MÜZAKERELERDEN ÇIKAN ZAYIF METİN
Bilindiği gibi İklim Değişikliği Konferansı’nda bir antlaşmaya ancak tüm üyelerin onayıyla varılabiliyor. O nedenle “en zayıf halkayı” oluşturan ülkenin tavrı belirleyici oluyor. Bu kez de metin iğdiş edile edile, en son Çin ve Hindistan’ın yoğun itirazlarıyla, kömür üretimi ve verimsiz fosil yakıt sübvansiyonlarının “aşamalı olarak kaldırılması” ifadesi “aşamalı olarak azaltmaları” şeklinde değiştirilerek imzalandı. Bir yönüyle kömür ve fosil yakıtların sonuç bildirgesinde ilk kez telaffuz edilmeleri bir ilerlemeye işaret ediyor; bir yönüyle de gayet zayıf bir vurguyla anılmaları, küresel ısınmayı 1.5 derecenin altında tutma umudunu iyice zayıflatıyor.
Burada gelişmekte olan ülkelerin (GOÜ) gündeme getirdiği, iklim değişikliğinin yarattığı “kayıp ve zararların” karşılanması, bu amaçla bir fon kurulması önerisinin ABD, Avrupa ve Avustralya’nın karşı çıkmasıyla reddedildiğini hatırlatalım.
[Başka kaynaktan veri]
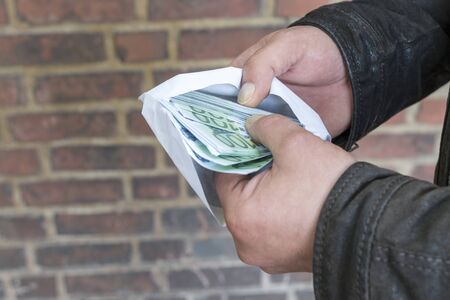 A man is counting money in an envelopeの写真素材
Sadece “ölme eşeğim ölme” der gibi, kırılgan ülkelere “teknik yardım” hizmeti vermek üzere BM bünyesinde bir organ kurulması karar altına alındı.
Yapılan hesaplamalara göre dünya, küresel ısınmayı 1.5 derecenin altında tutabilmek için gerekli karbon bütçesinin yüzde 86’sını tüketmiş bulunuyor. Burada en büyük pay yüzde 20 ile ABD’ye ait. Almanya ve Britanya gibi sömürgeci Avrupalı ulusların sorumluluğu ise yüzde 4 ve yüzde 3 hesaplanmış. Buna eski sömürgelerindeki salımlar dahil değil. Çin yüzde 11, Rusya yüzde 7, Brezilya yüzde 5 ile diğer yüksek pay sahibi ülkeler… Bu istatistiğin önemi, henüz kalkınmasını gerçekleştirememiş, yeryüzünün bu hale gelmesinde vebali bulunmayan yoksul ülkelerin zengin ülkelerle benzer kriterlerle değerlendirmelerinin yanlışlığı. En azından “kayıp ve zararların” karşılanması doğrultusunda somut bir adım atılsa, geçiş sürecinin yumuşatılması yolunda küçük de olsa bir mesafe alınmış sayılabilirdi.